For their part, Democrats close to the committee deny they have targeted the White House. "These requests are not aimed at the White House," says one. "It's all aimed at what Enron was doing, not what the White House was doing, on these complicated issues that affected the nation's energy markets last year."

And what about the White House itself? There, officials are waiting for Lieberman's letter and remaining publicly cautious. "He is the chairman of the committee, so you take him seriously," says one administration aide. "We'll look at the letter and see what they are asking for and try to find some way to reach an accommodation with them.
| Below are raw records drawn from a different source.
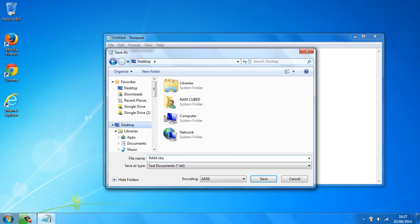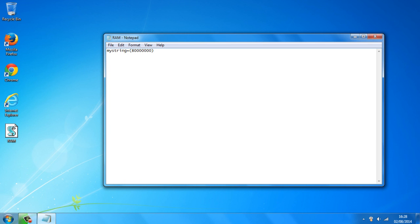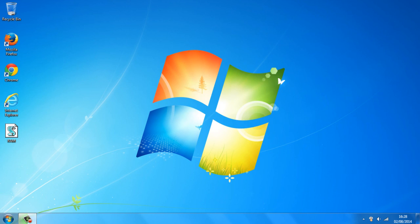And make sure this is on desktop as I said and make sure it's a text document, you're saving it as a text document. Once you've made sure, just click save and it should appear on your desktop.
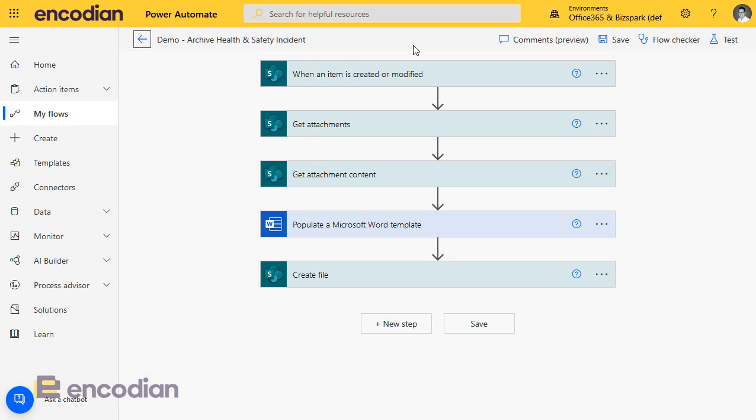Hi, this is Jay from Encodian. In this video, we can have a look at the different options in Power Automate to take data.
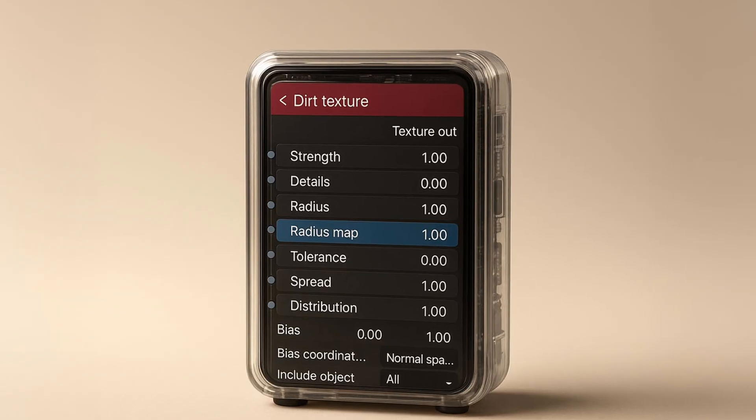Honestly, once I saw what Octane could do, I started rethinking every node I used. There's one in particular that blew my mind: the Octane Dirt node. Cycles taught me how to build shaders, but this one node made me feel the surface. Let me show you what I mean.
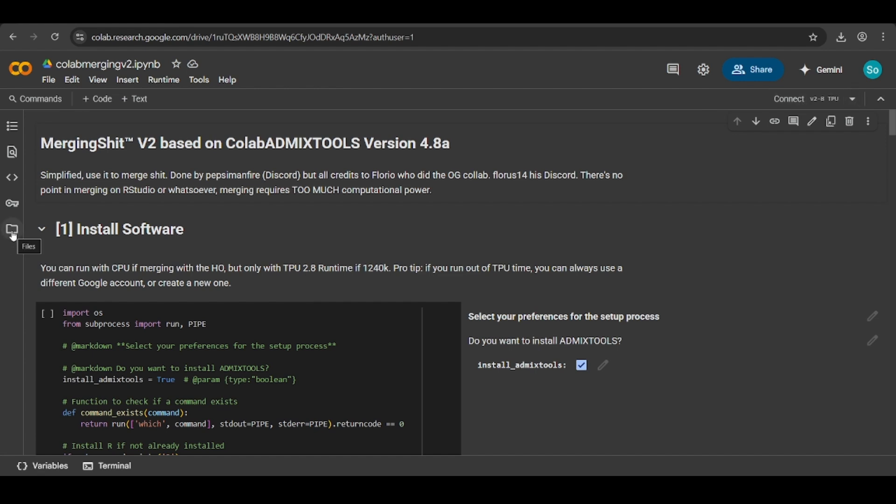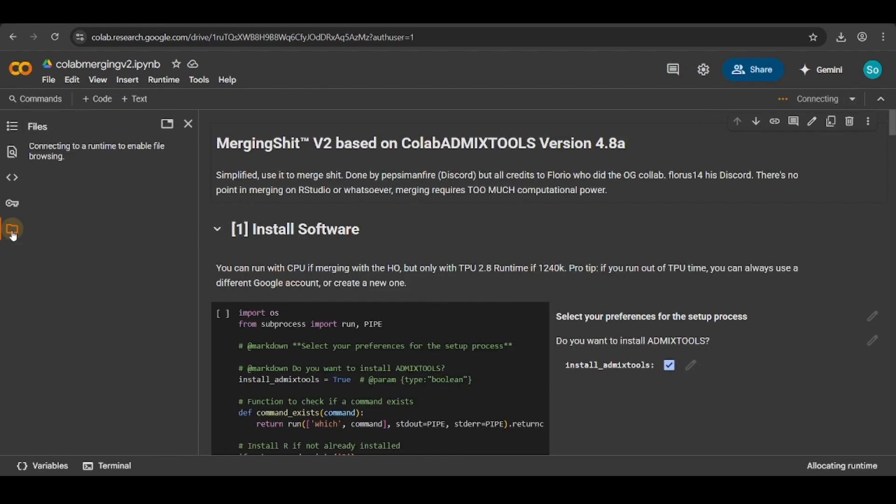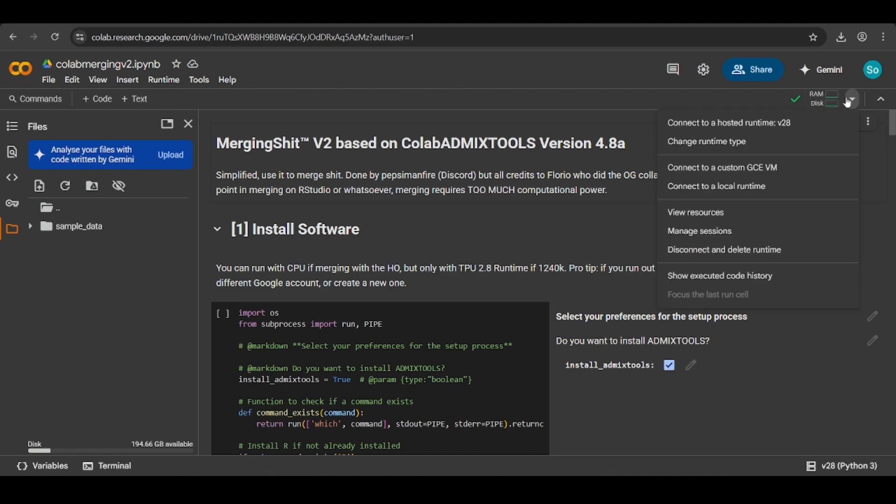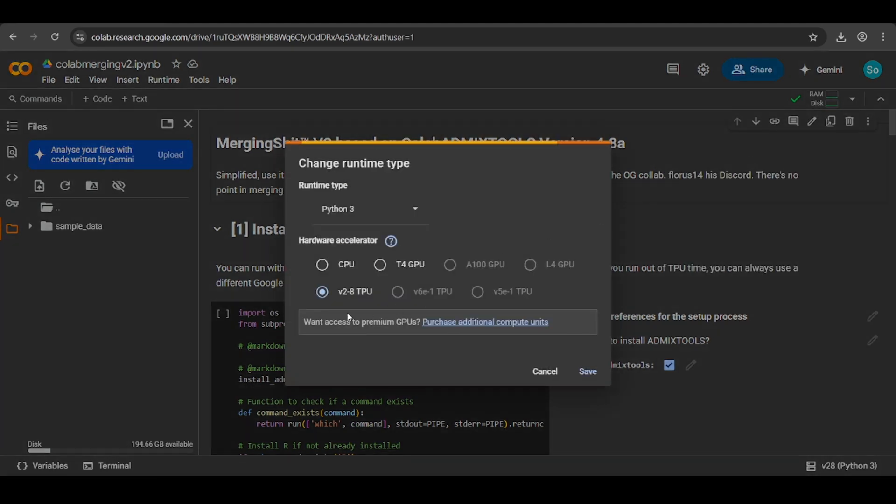First of all, open the files bar because we need to see the files. Second of all, you want to do this before you run anything. Click the down arrow, click change runtime type, and make sure the TPU is selected. This is because the TPU has more RAM and it allows you to merge the file. It will be pre-selected on CPU. If you leave it on CPU, the file will not merge. It will just not work.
In the past we have been pretty clear about wanting to be helpful and also protect the right of the president and the vice president to receive private advice."

Given White House positions on issues like the secrecy of Vice President Dick Cheney's energy task force, it's not at all clear whether the administration will be "helpful" enough to satisfy Lieberman. It's also not clear whether Lieberman will be willing to shed his bipartisan image completely by engaging in an open war against the administration. But the latest developments seem to suggest that a major battle is on the way.